[Stored data Boundary: Start]
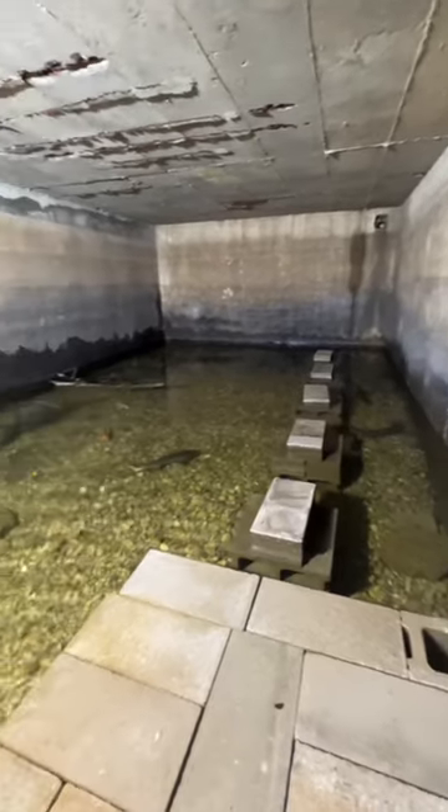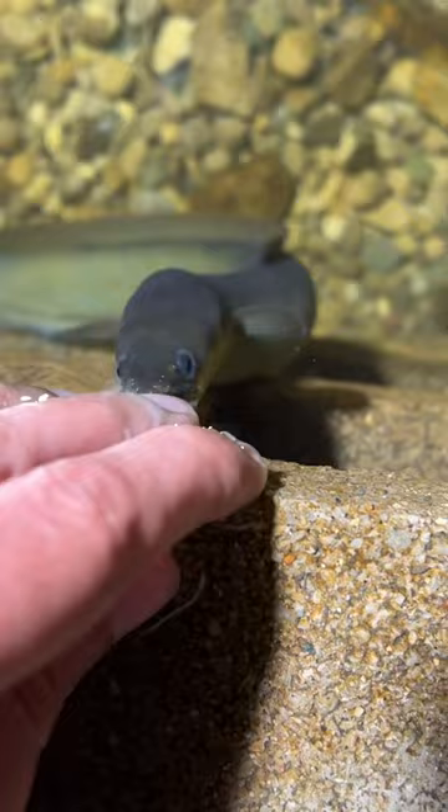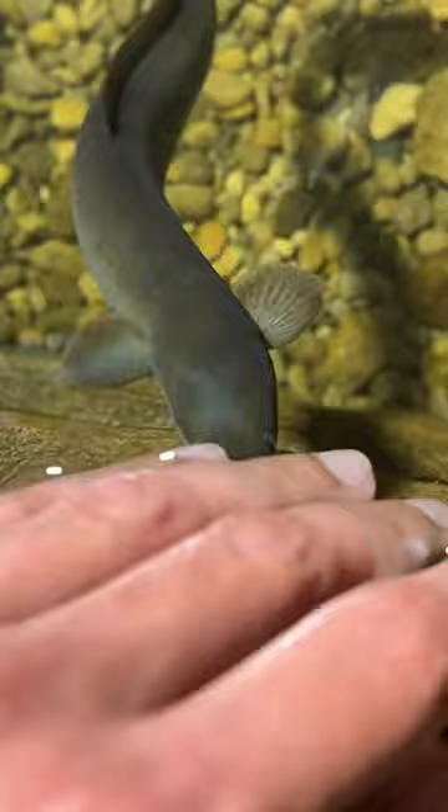Hi everybody, so today in the eel pit, just a couple quick updates on everybody. Here is Caviar — I love it when the sturgeon come up and swim sideways like this. Next up, this is Milani; she wanted some frozen fish or shrimp, but just pellets for today. She was taking bites at my fingers — it's just like a tiny little sandpapery pinch, so it doesn't hurt at all when the eels bite me.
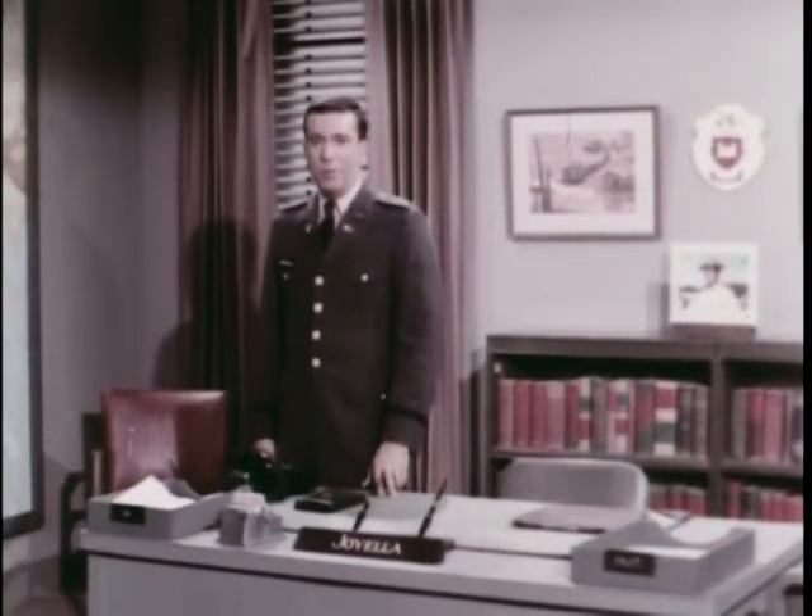Hello, I'm Lieutenant Jim Gioyola, an ROTC graduate of Fordham University, and I'm your host on this issue of Your Army Reports.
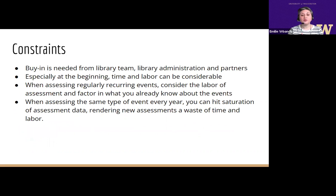Of course, there are always constraints when working in outreach and assessment. Buy-in is needed from your library team, library administration, and partners to complete this work. Especially at the beginning of a new program, time and labor can be considerable. When assessing regularly recurring events such as first-year library orientations, be sure to consider the labor of assessment and factor in what you already know about the events. Additionally, when assessing the same type of event every year, you can hit saturation of assessment data, rendering new assessments a waste of time and labor.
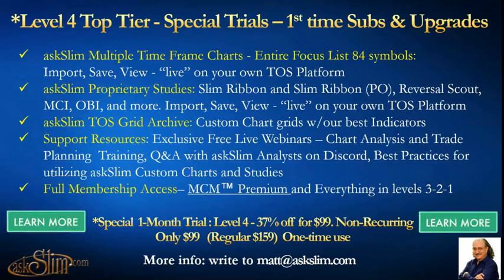There are support resources including exclusive free webinars, chart analysis, and trade planning webinars — Q&A with the askSlim team on Discord for best practices for utilizing the Slim custom charts and studies. There's a fantastic amount of information and support, plus full membership access to the MCM Premium and everything else on our site in Levels 3, 2, and 1. This includes the Future Speak show and a huge video library of more than 250 evergreen videos where you can learn a ton about your engagement in the markets.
[Stored data Boundary: End]
• Exercise directions
Give every line of the data above again as it stands; the pictures stay out.

• Solution for this task
Hi everybody, so today in the eel pit, just a couple quick updates on everybody. Here is Caviar — I love it when the sturgeon come up and swim sideways like this. Next up, this is Milani; she wanted some frozen fish or shrimp, but just pellets for today. She was taking bites at my fingers — it's just like a tiny little sandpapery pinch, so it doesn't hurt at all when the eels bite me.
Hello, I'm Lieutenant Jim Gioyola, an ROTC graduate of Fordham University, and I'm your host on this issue of Your Army Reports.
Of course, there are always constraints when working in outreach and assessment. Buy-in is needed from your library team, library administration, and partners to complete this work. Especially at the beginning of a new program, time and labor can be considerable. When assessing regularly recurring events such as first-year library orientations, be sure to consider the labor of assessment and factor in what you already know about the events. Additionally, when assessing the same type of event every year, you can hit saturation of assessment data, rendering new assessments a waste of time and labor.
There are support resources including exclusive free webinars, chart analysis, and trade planning webinars — Q&A with the askSlim team on Discord for best practices for utilizing the Slim custom charts and studies. There's a fantastic amount of information and support, plus full membership access to the MCM Premium and everything else on our site in Levels 3, 2, and 1. This includes the Future Speak show and a huge video library of more than 250 evergreen videos where you can learn a ton about your engagement in the markets.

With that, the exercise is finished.